Il suggère à ceux qui n’ont pas d’actif dans les pays émergents d’en acheter progressivement au cours des deux prochaines années.

«Pendant quelques semaines, quelques mois, ce ne sera peut-être pas le moment d’investir dans les pays émergents, note toutefois Sylvain Ratelle. Il y a une valeur ajoutée à suivre le momentum du marché.»

«Les événements des derniers mois nous donnent souvent une idée de ce qui se passera au cours des prochains mois. Les marchés et les catégories d’actif montent ou baissent pour des raisons fondamentales qui ont habituellement une certaine durabilité», souligne Sylvain Ratelle.

Des pays plus risqués

Certains pays présentent une situation plus risquée que d’autres.

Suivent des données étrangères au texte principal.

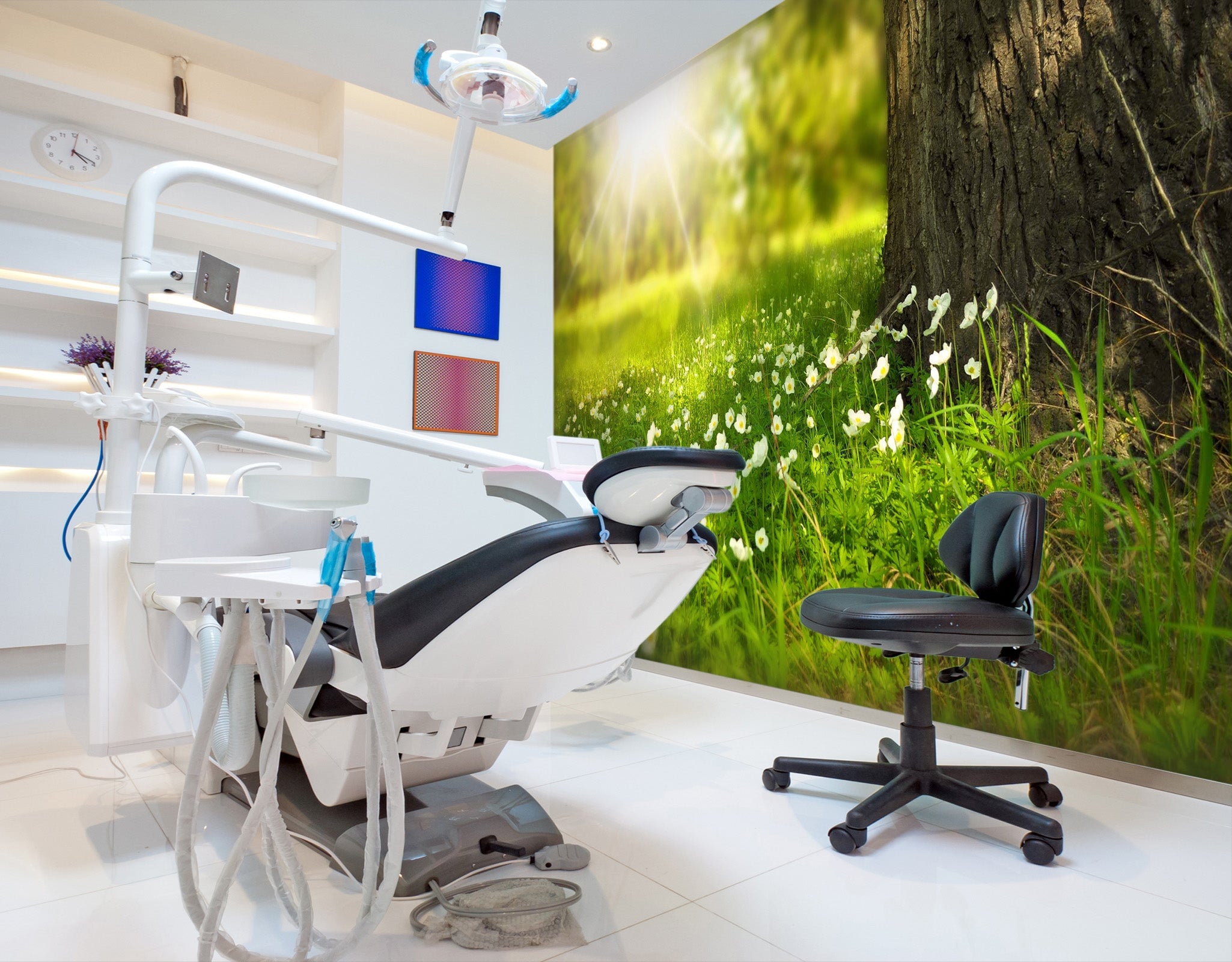 3D Small White Flower 040 Wall Murals Wallpaper AJ Wallpaper 2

C’est notamment le cas des Fragile Five.

«L’Indonésie, l’Inde, l’Afrique du Sud, le Brésil et la Turquie sont des pays qui affichent un fort déficit de leur balance commerciale et qui ont besoin de financement externe», précise Laurence Bensafi.

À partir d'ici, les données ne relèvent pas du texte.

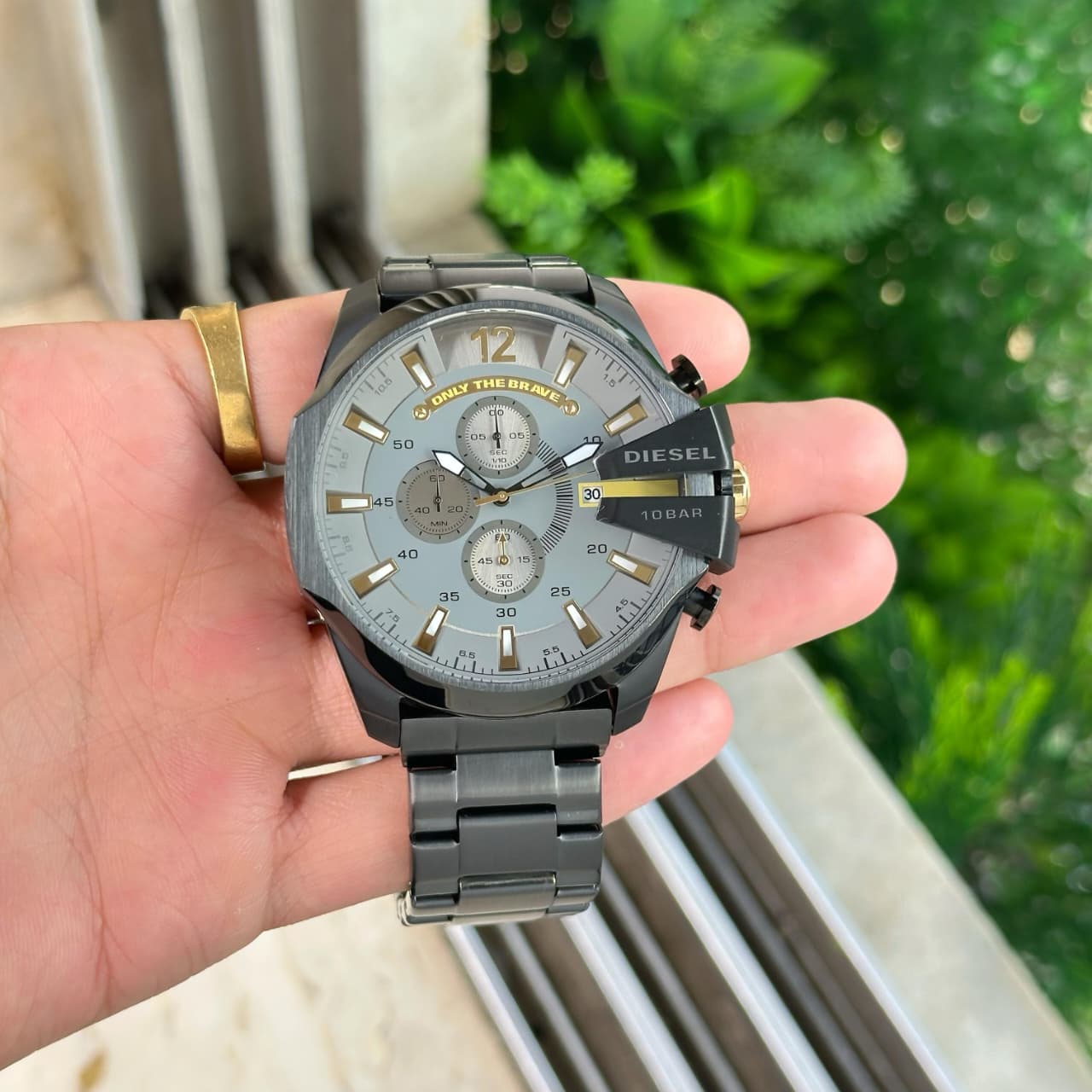 Buy First Copy Diesel DZ4318 Mega Chief 10 bar Bold Men’s Chronograph Watch 51mm - Master Quality 7A Mirror at Lowest Price Online India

Comme ils sont des importateurs nets, ces pays ont énormément souffert de la chute de leur monnaie. «Pour cette année, nous conseillons d’être très sélectif en matière de pays», ajoute-t-elle.

Pour Sylvain Ratelle, la forte hausse des exportations américaines de pétrole et de gaz de schiste compte pour beaucoup dans la dégradation de la balance commerciale de certains pays émergents exportateurs de pétrole.

Ce phénomène pourrait avoir un effet persistant sur l’économie de ces pays : «La volatilité des marchés peut durer quelques jours, mais les problèmes de balance commerciale risquent de perdurer pendant un bon moment», ajoute-t-il.

L’influence de la Fed

À cette économie réelle parfois déficiente se sont ajoutés des phénomènes relevant davantage de l’économie financière, qui expliquent la fuite de capitaux qu’ont connue les pays émergents.

C’est le cas de la réduction des mesures d’assouplissement quantitatif de la Réserve fédérale américaine (Fed).

Cela a fait augmenter le rendement des obligations américaines et a rendu les investissements dans ce pays plus attrayants, au détriment des actifs des pays émergents, précise Laurence Bensafi.

La présence d’investisseurs peu aguerris a été un autre facteur négatif, selon elle. «Certaines personnes ont investi dans la dette des pays émergents, mais elles n’auraient jamais dû s’y trouver. Elles ont été extrêmement surprises d’avoir des rendements négatifs. Elles n’avaient pas compris qu’elles étaient exposées à des devises», explique Laurence Bensafi.